2. Proses Asimilasi Kebudayaan Tionghoa dengan Budaya Jawa 97
Proses asimilasi antara kebudayaan tionghoa dengan kebudayaan jawa dibagi menjadi dua masa yakni, masa orde lama dan masa orde baru. Orde lama Sejak pemerintahan Presiden Soekarno kisah kehadiran orang etnis Tionghoa di Indonesia adalah kisah liku yang bisa disebut hubungan cinta dan benci (love-hate relationship) antara minoritas etnis Tionghoa dan mayoritas masyarakat Indonesia. Di satu pihak etnis Tionghoa diperlukan karena mempunyai peran dalam perekonomian bangsa, dampak dari akibat kebijakan kolonial yang dengan sengaja mengasingkan etnis Tionghoa dalam kegiatan ekonomi yang diteruskan pada era kemerdekaan (Melly G. Tan, 2008). Awal gerakan asimilasi di kalangan masyarakat Tionghoa Indonesia muncul pada tahun 1959. Hal tersebut muncul bersama dengan terjadinya kekacauan yang ditimbulkan oleh diberlakukan larangan terhadap perdagangan secara eceran yang dilakukan orang-orang asing di wilayah pedesaan (PP 10 tahun 1959). Golongan etnis Tionghoa masa orde lama, mempunyai konsep yang berbeda dari rezim Orde Baru tentang definisi dan konsep pembauran atau asimilasi. Pada tahun 1960 muncullah suatu konsep tentang asimilasi yang wajar, yang lebih menekankan sifat sukarela dari permbauran, dan tidak membenarkan hambatan yang sengaja dibuat terhadap proses asimilasi, tetapi juga sebaliknya tidak dapat menyetujui tindakan paksaan asimilasi. Konsep dan definisi tentang asimilasi yang wajar juga dimuat dalam media-media milik pengusaha Tionghoa dan konsep tersebut ditandatangani oleh sepuluh kaum intelektual peranakan Tionghoa, antara lain Ong Hok Ham (Onghokham), dan Drs. Lauwchuantho (H. Junus Jahja). Pada tahun 1961, Presiden Sukarno tidak mendukung kebijakan penggantian nama bagi orang Tionghoa Indonesia, karena menurut presiden Sukarno perubahan identitas adalah hak pribadi seseorang yang tidak dapat diganggu gugat oleh siapapun termasuk pemerintah. Konsep asimilasi yang dimiliki oleh peranakan Tionghoa ini berkembang dan menjadi landasan atas dibentuknya Lembaga Pembinaan Kesatuan Bangsa (LPKB) di bawah naungan Departemen Dalam Negeri dan dipimpin oleh K. Sindhunata.
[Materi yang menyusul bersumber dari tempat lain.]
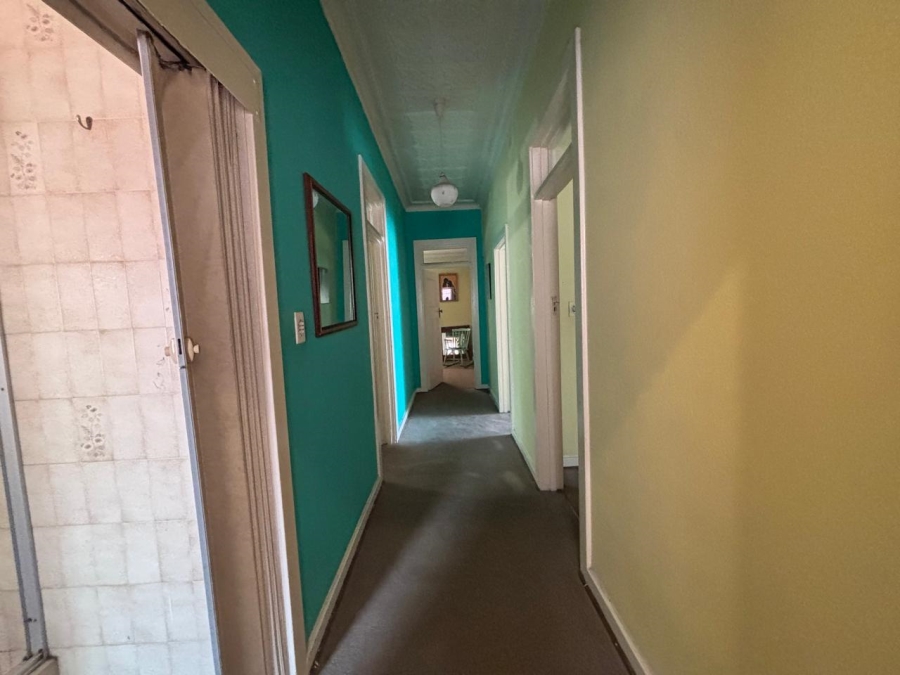 3 Bedroom Property for Sale in Rosettenville Gauteng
Konsep asimilasi lebih menekankan proses peleburan dalam 98
masyarakat mayoritas dari tempat tinggal orang Tionghoa. H. Junus Jahja mempunyai keyakinan bahwa masalah tentang Tionghoa dapat diselesaikan lewat jalur agama, yaitu dengan menjadi mualaf atau masuk dan mempelajari agama Islam. Ajaran dan agama Islam sudah mendapat tempat tersendiri bagi kebanyakan orang Tionghoa. Semenjak pergantian presiden dari Sukarno ke Suharto, banyak sekali terjadi perubahan kebijakan atau penerapan kebijakan baru pada berbagai bidang, terutama pada permasalahan etnis Tionghoa. Pada era Orde Baru, asimilasi yang dilakukan berdasarkan dengan kebijakan-kebijakan pemerintah yang selalu berusaha untuk mewujudkan asimilasi total pada seluruh aspek kehidupan orang Tionghoa. Berbeda dengan presiden Sukarno, Presiden Suharto justru mendukung dan menerapkan kebijakan mengenai penggantian nama bagi orang Tionghoa. Pada tahun 1966, presiden Suharto mendukung asimilasi total orang Tionghoa Indonesia menjadi warga negara Indonesia seutuhnya melalui penggantian nama. Orde Baru justru menganggap penggantian nama merupakan tindakan simbolik untuk menyatakan bahwa orang Tionghoa Indonesia setia kepada pemerintah Indonesia. Tidak semua orang Tionghoa mematuhi dan melaksanakan kebijakan penggantian nama, namun ada juga yang dapat menerima dan melaksanakan peraturan pemerintah dengan mengganti nama Tionghoa menjadi Indonesia baik secara perorangan, maupun perusahaan.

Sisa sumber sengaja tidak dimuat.